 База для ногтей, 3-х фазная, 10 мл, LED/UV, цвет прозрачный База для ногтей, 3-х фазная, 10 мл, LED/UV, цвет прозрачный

* * *

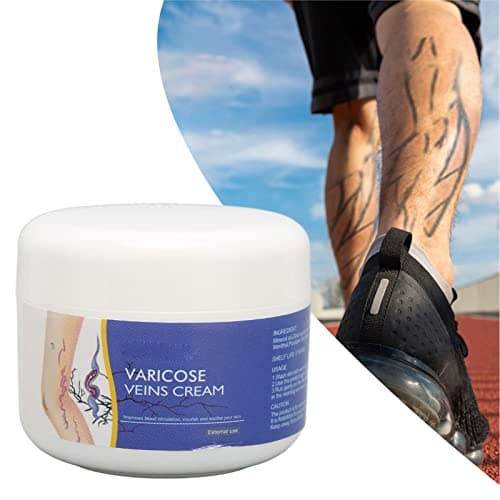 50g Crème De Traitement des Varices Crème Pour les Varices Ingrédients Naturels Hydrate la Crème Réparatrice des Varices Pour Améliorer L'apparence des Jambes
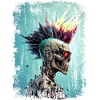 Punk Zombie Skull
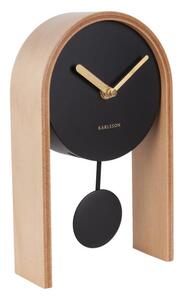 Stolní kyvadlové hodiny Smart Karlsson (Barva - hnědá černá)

YOUR OBJECTIVE = Your copy should hold only the lines above from the one containing "50g Crème De" through the one containing "Stolní kyvadlové hodiny", exactly as written and free of pictures.

OUTPUT =
 50g Crème De Traitement des Varices Crème Pour les Varices Ingrédients Naturels Hydrate la Crème Réparatrice des Varices Pour Améliorer L'apparence des Jambes
 Punk Zombie Skull
 Stolní kyvadlové hodiny Smart Karlsson (Barva - hnědá černá)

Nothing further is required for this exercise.